The cross country road took us through some wonderful, mountain shadowed landscapes, where with the low cloud, looked as though the forests were smoking. The road at times had a river running alongside as we wound our way through the valley floors. On arriving in Greymouth, we opted for the Sundowner Motel which offered spacious units with kitchenettes meaning we could cook for ourselves.
Greymouth has a scenic train service running daily, the Trans Alpine train, which travels through the mountains of Arthurs Pass down to the east coast town of Christchurch. Greymouth itself offers numerous shops and cafes.
Today, after having read about Paparoa National Park in one of our guide books we headed up the coastal road north of the town. This coastal road has been described by the Lonely Planet guide as one of the best coastal drives in the world. And it is extremely pretty, gradually winding its way along the Tasman Sea coastline.

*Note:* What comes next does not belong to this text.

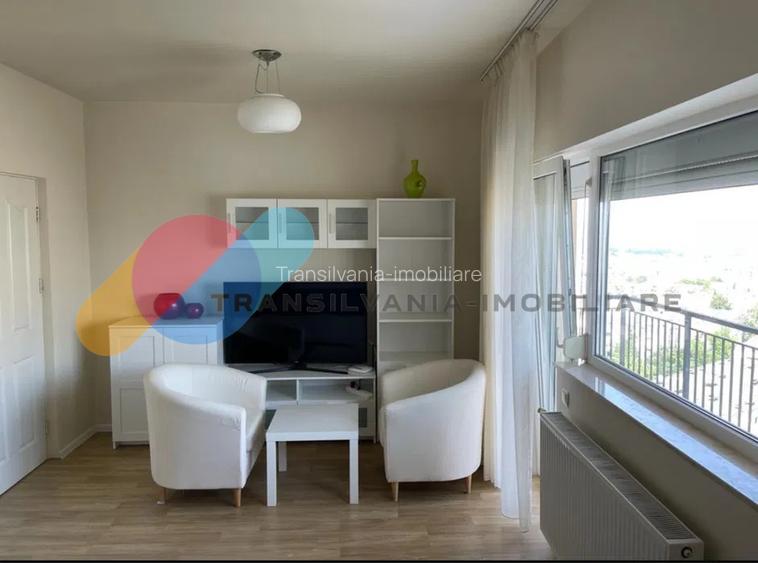Apartament 40mp Zorilor - 6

After stopping at the National Parks visitors centre, we decided to complete the Fox River Tourist Cave hike. It starts at the carpark of the Fox River and takes you uphill through native bush and forest on a track running alongside the river (although for the first part of the walk you can´t actually see the river, just hear it). It is cool and damp in the forest with slippery covered stones under your feet covered in wet moss and rotting leaves. We walked along a narrow track with soft, wet mud oozing around our boots. We reached the banks of the river where the guide book had said that you might need to get your feet wet. The water, as always was crystal clear with the surrounding banks and river bed made up of small, rounded stones. Dani made it across using large strides and more balance than I have over some widely spaced stepping stones. I however, took the advice of our book and stripped off my hiking boots and socks and waded across the calf deep water, and my goodness it was cold!!! The hike becomes slightly steeper as you re-enter the forest and follow the muddy track upwards towards the Fox Cave. Towards the summit of the trail, you are walking on very slippery stones covered in damp vegetation so you do have to watch your step.
Dani did go in and explore the cave, which is open to self exploration, but although we had read that this would take about 30 minutes, he was in and out in about ten minutes. About fifty metres long featuring both stalagmites and stalactites it was nice, but not overly impressive. We made our way back down the slippery track to come across another native Weka pecking around on the side of the track hunting for insects.
Once back at the car, we made our way towards the parks Pancake Rocks and Blowholes located opposite the visitors centre.
The walk here takes you along a asphalt path surrounded on both sides by local plants towards the impressive sight of the Pancake Rocks formed 35 million years ago below the surface of the ocean. Intriguing limestone outcrops and columns which have developed a layered appearance from the constant erosions of both rain and the sea. The sea surges into eroded tunnels and, at high tide, the oceans force pushes the spray upwards through naturally formed blowholes. You also get to look down on large surge pools as the ocean roars in. The whole area is a one of natures spectacles and goes to show visitors the extend of erosional effects from wind, rain and seawater, a must see if you are traveling down the beautiful coastal road of this part of the west coast.